Antes de subir al bote hay que ponerse un chaleco naranja que más parece un blanco de tiro que un elemento para salvar al sujeto que lo porta. El seguro de amarre no funciona. El material es delgado. Y es seguro que en caso de un hundimiento esa prenda naranja no salva la vida de nadie.

Yerson cobra el pasaje en la playa del río antes de empujar a La Araucana a las aguas calmadas del afluente. Según dice las “fuerzas” le cobran $10.000 y “hoy ha estado malo”. No se sabe a quién se refiere, pero el rumor es que el transporte de pasajeros a lado y lado del río es controlado por el Eln y hace parte del sustento de esa organización ilegal.
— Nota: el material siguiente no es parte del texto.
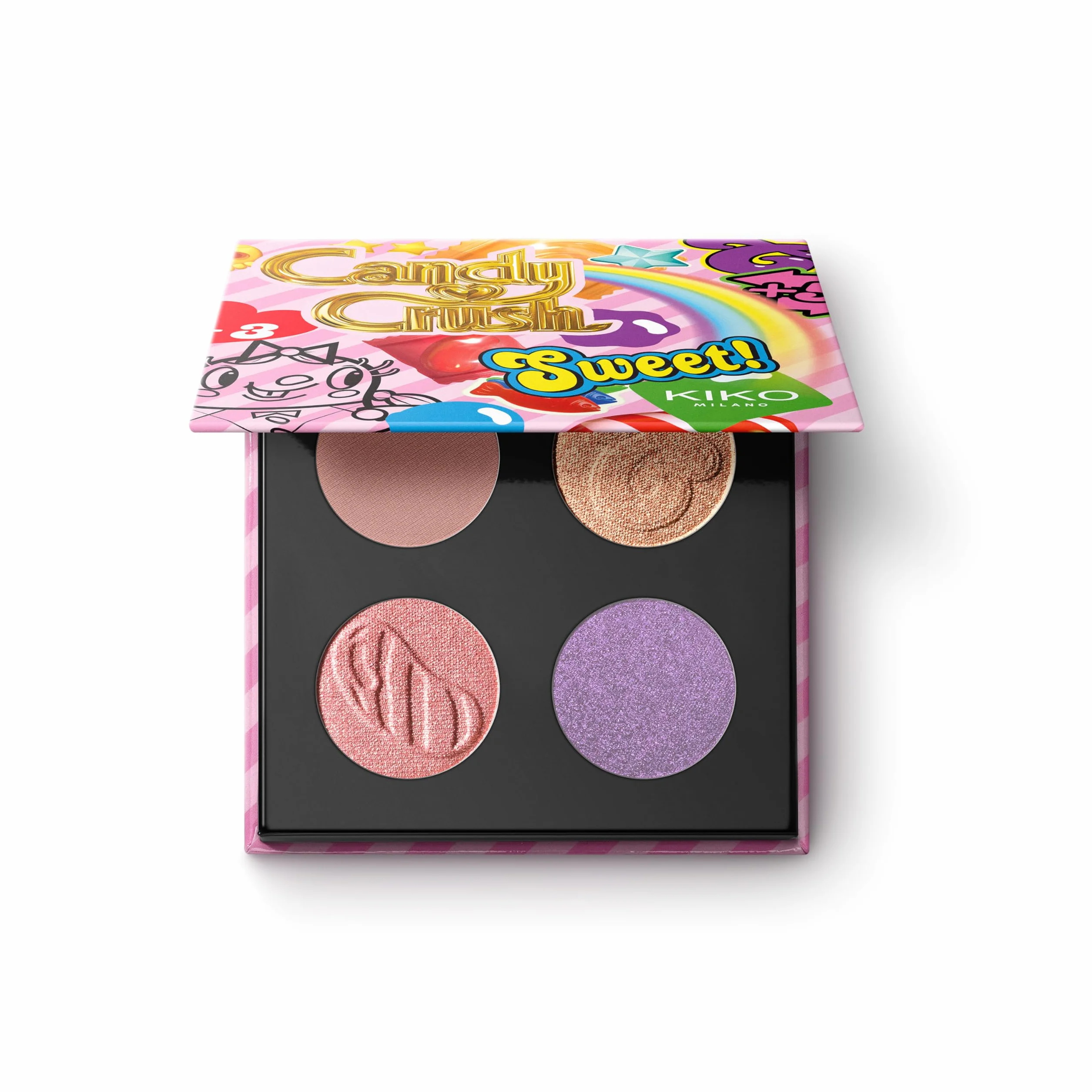 KIKO Milano Candy Crush™ Multi Finish Eyeshadow Palette 03, Palette Con 4 Ombretti Dal Finish Opaco, Metallico E Brillante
Las lanchas son canoas largas de poca profundidad, los pasajeros tienen que hacer equilibrio pues el naufragio parece inminente.

Al otro lado de la frontera hay una barricada de sacos de guerra, una trinchera que por un lado está reseca por el calor y la humedad pero que por el otro tiene la bandera de Venezuela pintada en colores vivos. El poco comercio que sobrevive ofrece, agua, gaseosa y cerveza. Un parlante tiene a Diomedes a todo volumen, el único colombiano que no tiene miedo de estar al otro lado.

El lugar donde se espera el transporte para viajar a Guasdualito, y de ahí adentrarse a Venezuela, es una esquina cualquiera. La Cruz Roja Internacional tiene un puesto de atención al migrante. Allí Nancy, una chocoana de sonrisa alegre reparte agua, permite que las personas hagan una llamada nacional o internacional, mide la presión y permite que se plastifique un documento que esté dañado o deteriorado, y permite recargar un celular al 50% de batería. “Es todo lo que podemos hacer aquí”, dice, mientras atiende a otra persona.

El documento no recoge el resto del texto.